Für viele der Millionen Heimatvertriebenen habe das Ende des Zweiten Weltkriegs kein Ende der Gewalt bedeutet. Stattdessen hätten sie die "furchtbare Erfahrung" gemacht, "erst rechtlos und dann heimatlos" zu sein. In der "neuen Heimat" seien sie vielfach auf ein Klima gestoßen zwischen stiller Ablehnung und offener Feindseligkeit, sagte Merz.
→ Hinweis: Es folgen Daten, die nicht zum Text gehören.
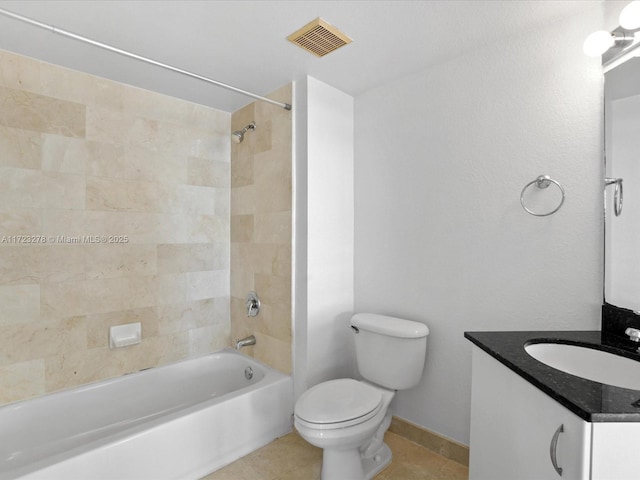 full bathroom with toilet, vanity, tiled shower / bath, and tile patterned flooring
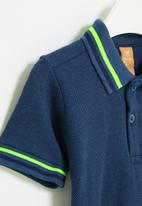 UP Baby - Piquet polo shirt with elastane - blue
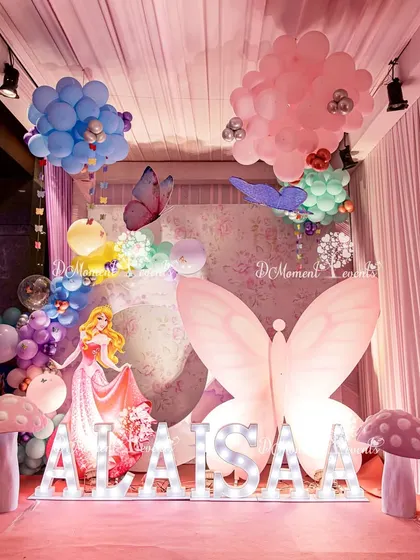 A magical photo corner featuring a princess cutout, light-up name display, and a giant illuminated butterfly wing, creating a perfect spot for memorable pictures.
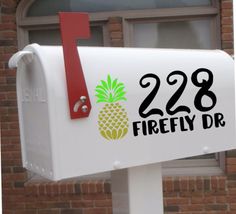 a white mailbox with a pineapple decal on it's side in front of a brick building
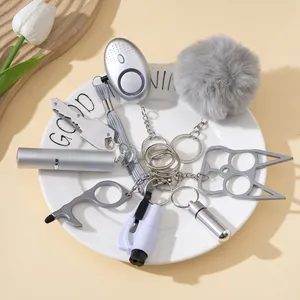Detail of gray self-defense keychain set with alarm and spray bottle on a white plate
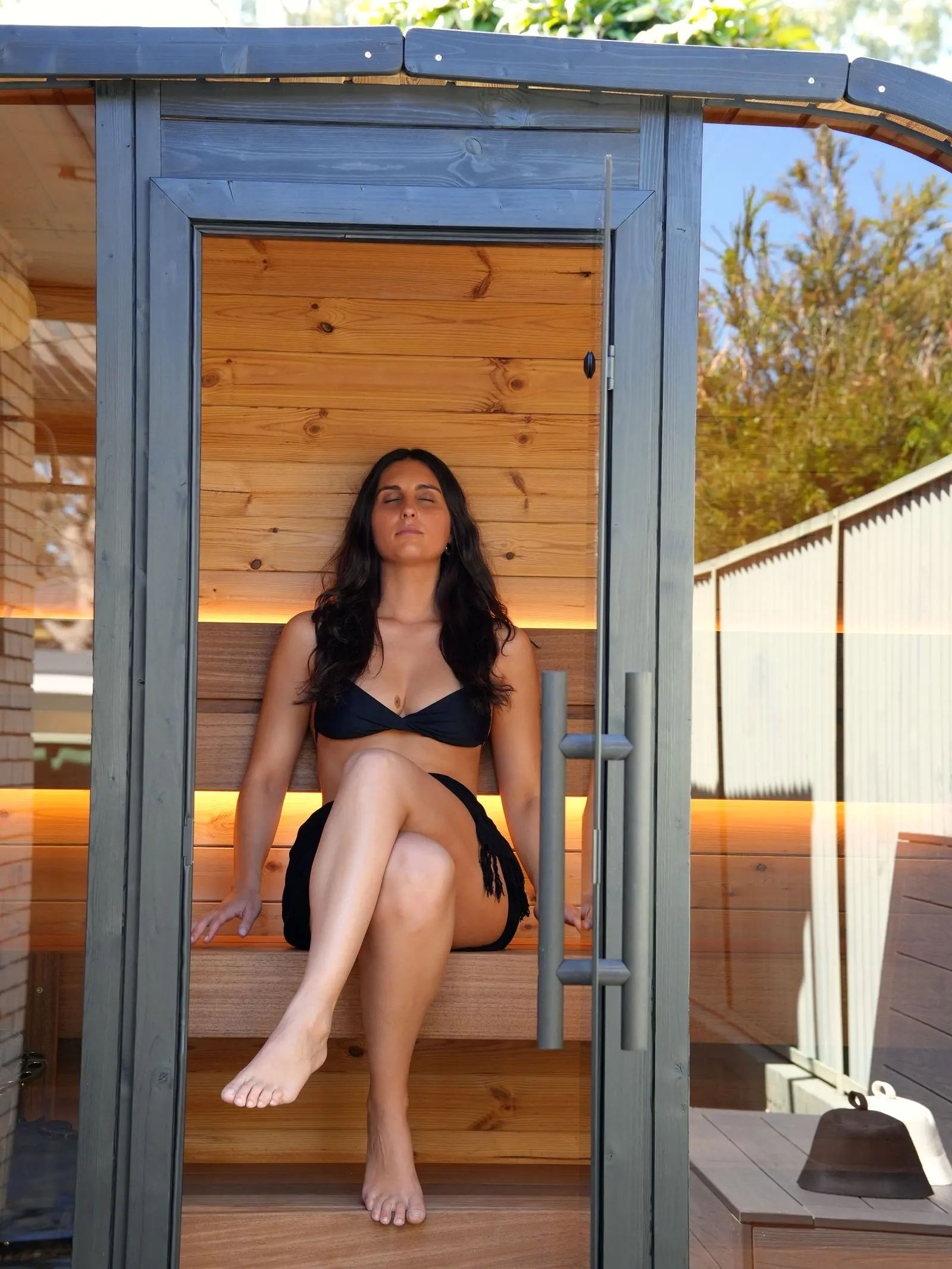 A seated sauna user inside the Koda at Mortdale, framed by the glass entrance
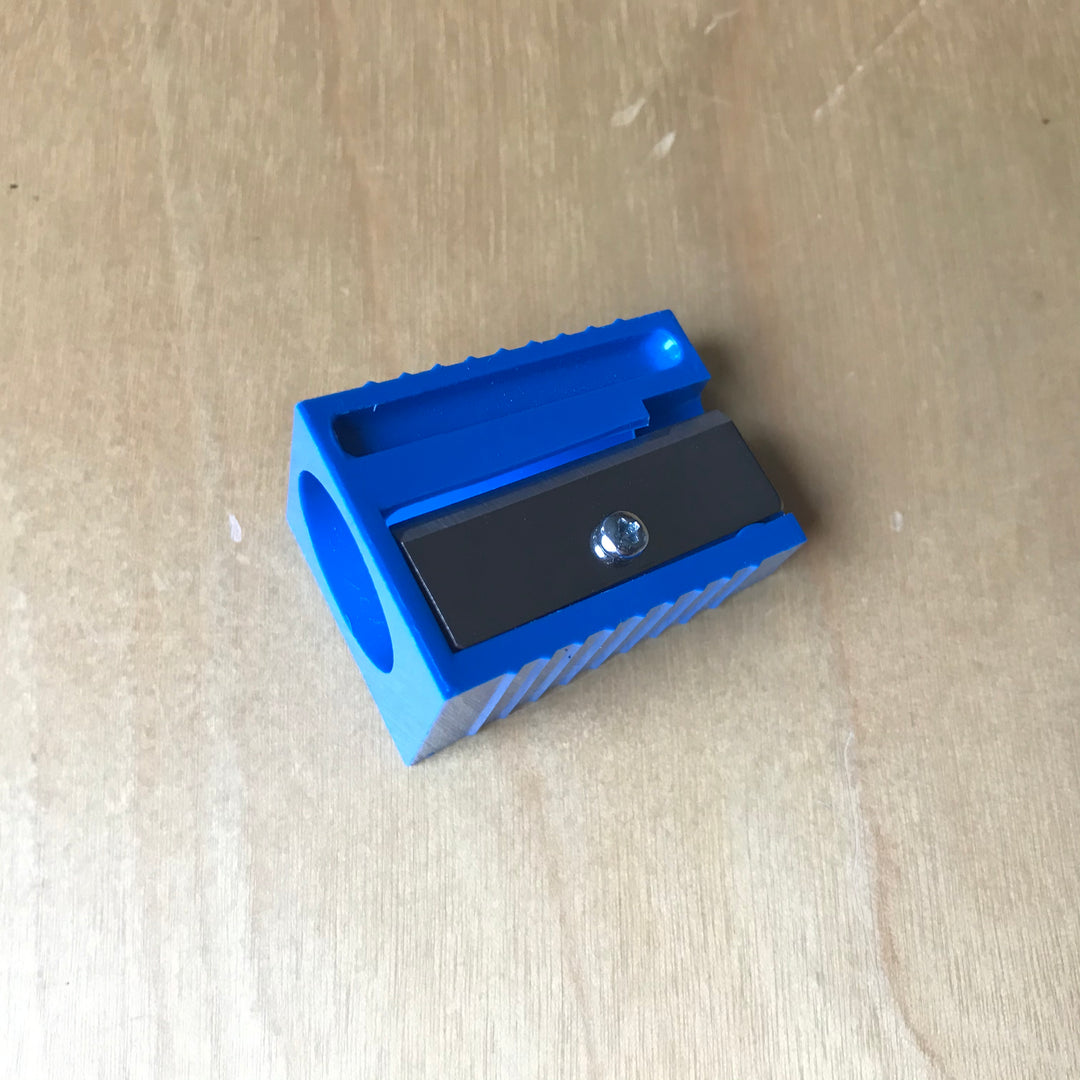 Sharpener for triangular Pencils and Wax Crayons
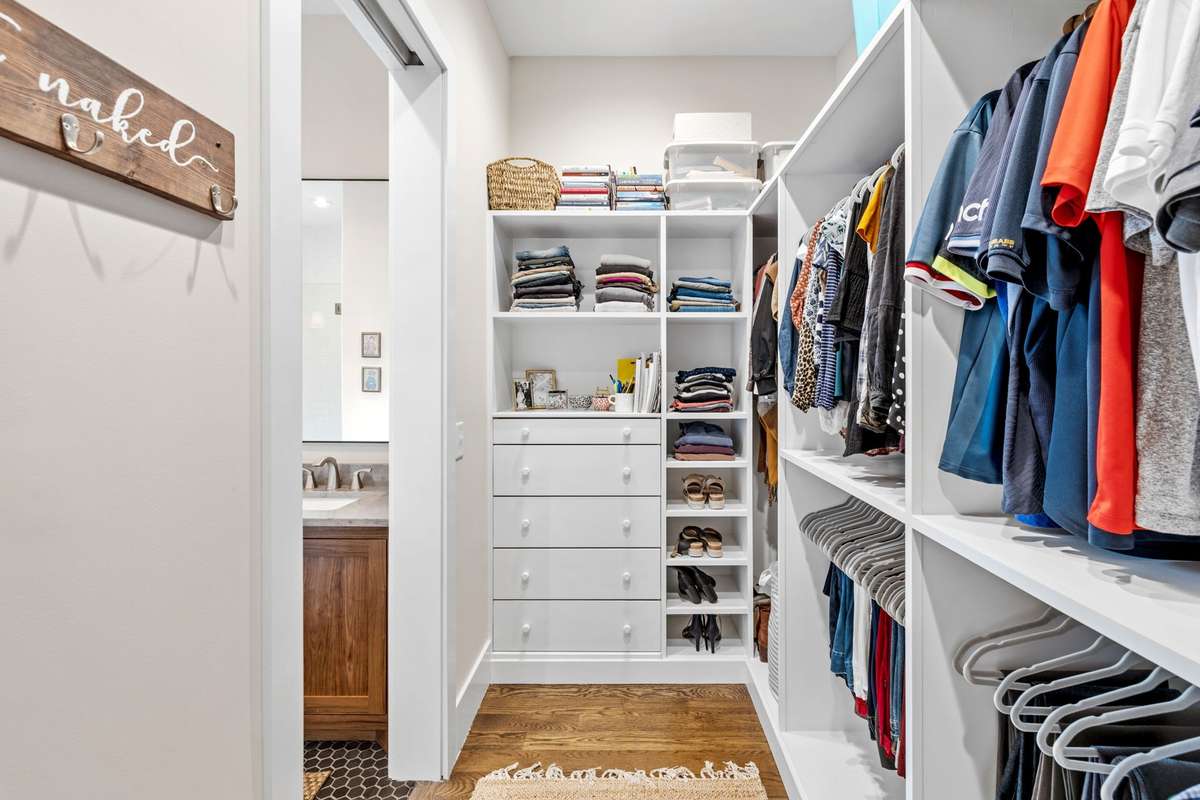 The primary closet is well designed with solid wood shelving and cabinetry galore. Every closet in this home has upgraded, solid wood shelving and cabinets.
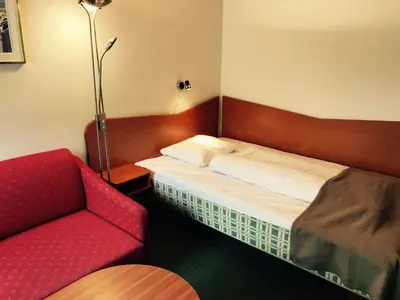 a small room with a bed and a red chair at Sødorp Gjestgivergård Motell in Vinstra
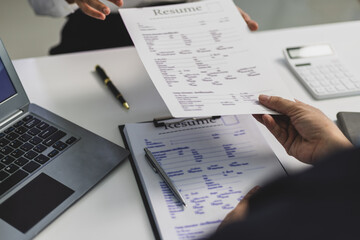 Employer reviewing resume during job interview in office. Human resources manager reading...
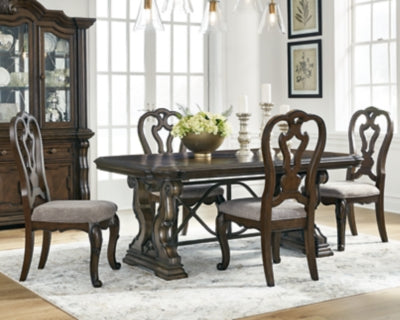 Ashley Furniture Maylee dining room set with a table and six upholstered chairs, shown in a modern dining room setting.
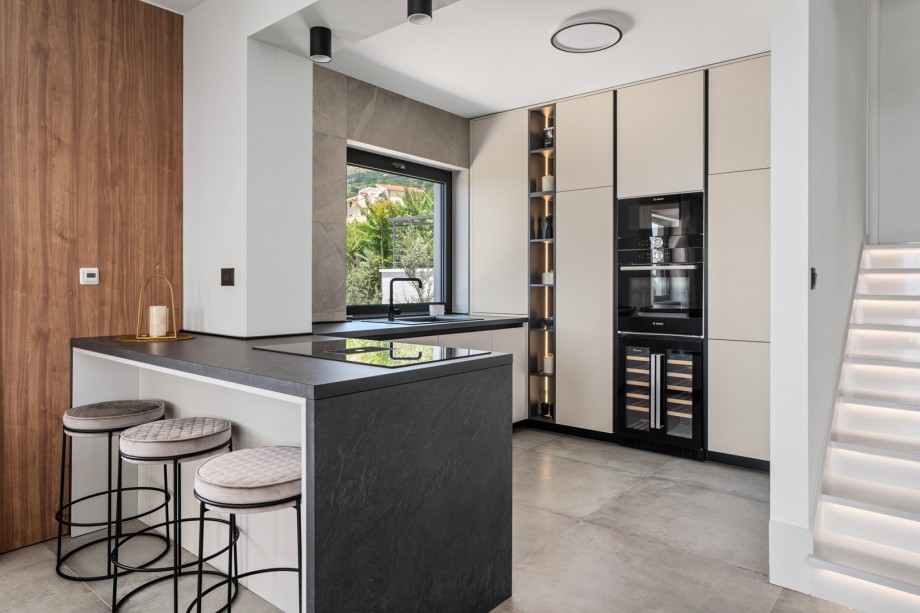 Villa with a chick tone, contemporary architecture, and high-quality furnishings.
Oft seien Vertriebene und Spätaussiedler behandelt worden wie "Menschen zweiter Klasse". Vor diesem Hintergrund sei das Bekenntnis zu Frieden, Freiheit und Versöhnung in der "Charta der Heimatvertriebenen" alles andere als eine Selbstverständlichkeit gewesen. "Schuldfragen können politisch und moralisch noch so klar entschieden sein. Aber die Wirklichkeit des Krieges schafft immer Opfer auf allen Seiten", sagte Merz mit Blick auf die deutsche Schuld am Zweiten Weltkrieg.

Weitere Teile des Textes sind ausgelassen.